Okay so the title is kinda vague, let me try and make it a little more clearer.
Some of my favorite video games are meant to create discomfort and ask meaningful questions of the player. Silent Hill 2, Far Cry 2 (debatable), the launch version of No Man's Sky, Spec Ops the Line, the list goes on. By discomfort, I mean create a sense of loneliness, dread, and/or introspection that an interactive medium can provide. It's fairly easy to market a game as being fun. E3 is basically just all fun all the time. But a game like Silent Hill 2, a game that focuses on dread and atmosphere, isn't so easily marketable. Most of these types of games get popular via word of mouth and critic access. But let's pretend you have a marketing budget to work with and you have to make a presentation for E3 for No Man's Sky. A game that revels in it's aimlessness and loneliness and doesn't necessarily want the player to have fun.
Obviously, the folks at Hello Games made the game out to be this big open ended adventure with lots of fun choices on how the player can interact with it and it ended up ruining their reputation. But honestly? I don't envy them the task. I don't think that a game in which the concept of existing in a universe alone in which you do repetitive activities over and over again with a storyline centered around finding meaning and purpose in the mundane is really marketable at all. I'm prepared for the comments saying I'm grasping at straws here and that NMS is an exercise in marketing deception and farce, but humor me here. If the original vision and intent was to create an exercise in finding purpose in a beautiful universe in which you do mundane crafting and survival to get by, how would you go about marketing it? It is purposefully not fun and unappealing.

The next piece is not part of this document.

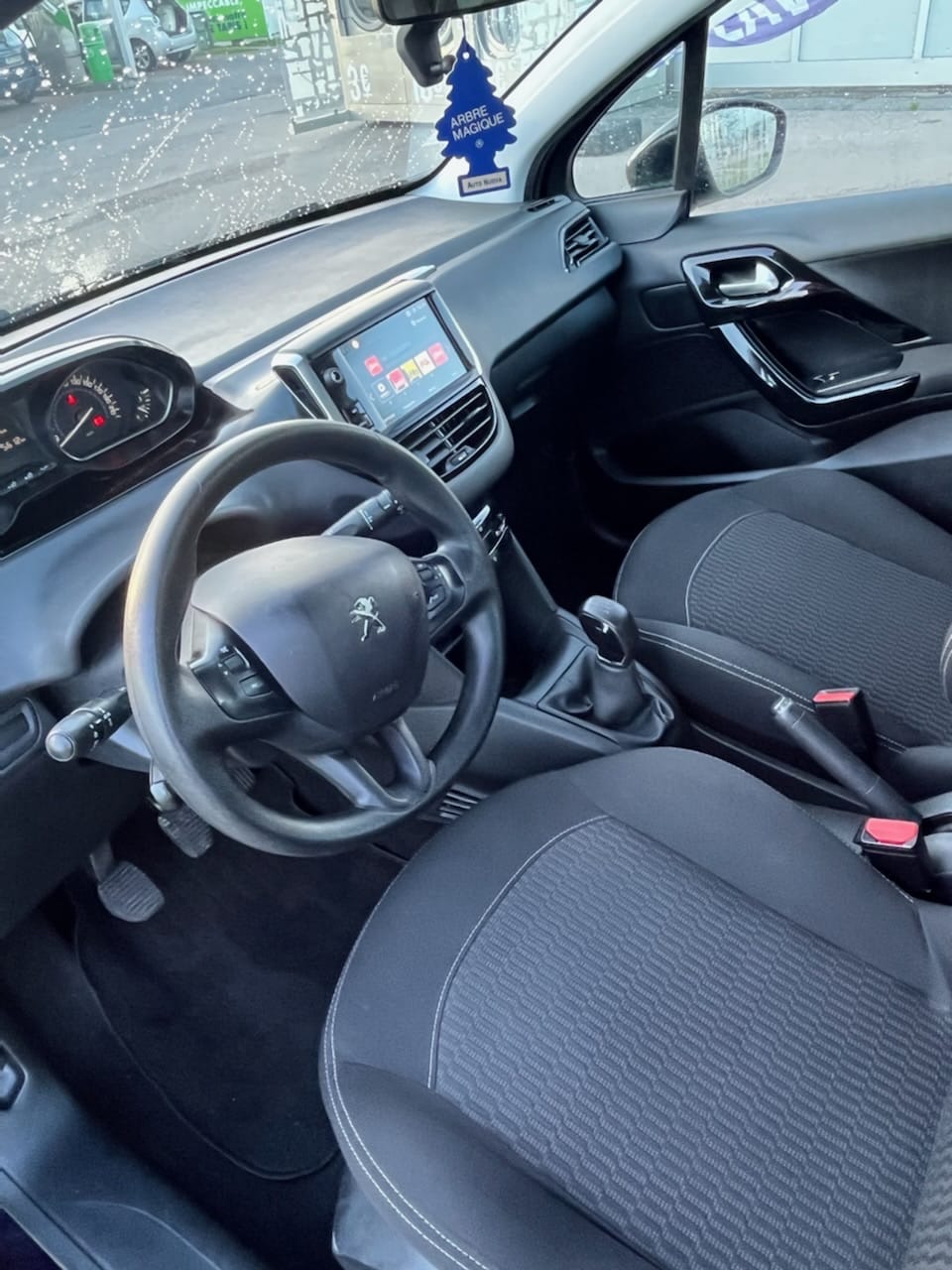 Peugeot 208 avec Régulateur de vitesse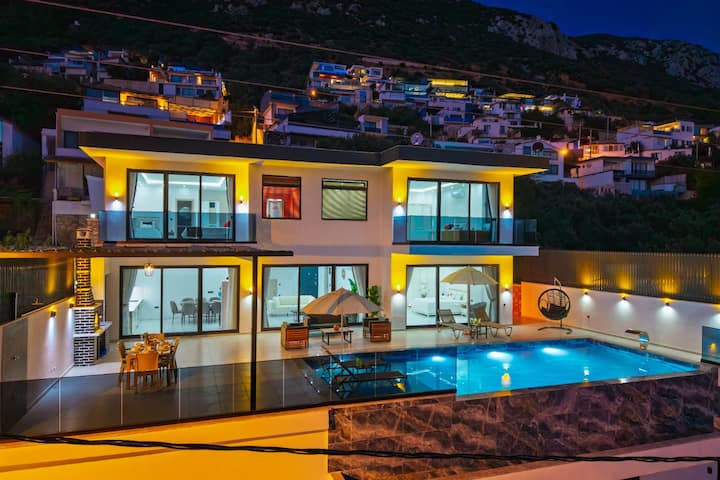 Doğa Manzaralı 9 Kişilik Lüks Villa 07-7990 - Kalkan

This thread ended up being about No Man's Sky more than anything, but I think it's a great example of a game designed to be not fun that got a big marketing spotlight that ended up ruining the reputation of its creators so hard that they basically made into the fun game they initially promised. I'll get a lot of comments here saying that the game shouldn't be the way it is designed at all at launch, but that isn't the point of the thread. If you were hired to market the game at something like E3, regardless of how you felt the quality and intent was, what would you do? Being honest and upfront about its intent doesn't make a flashy and interesting show and that's what marketing is in general.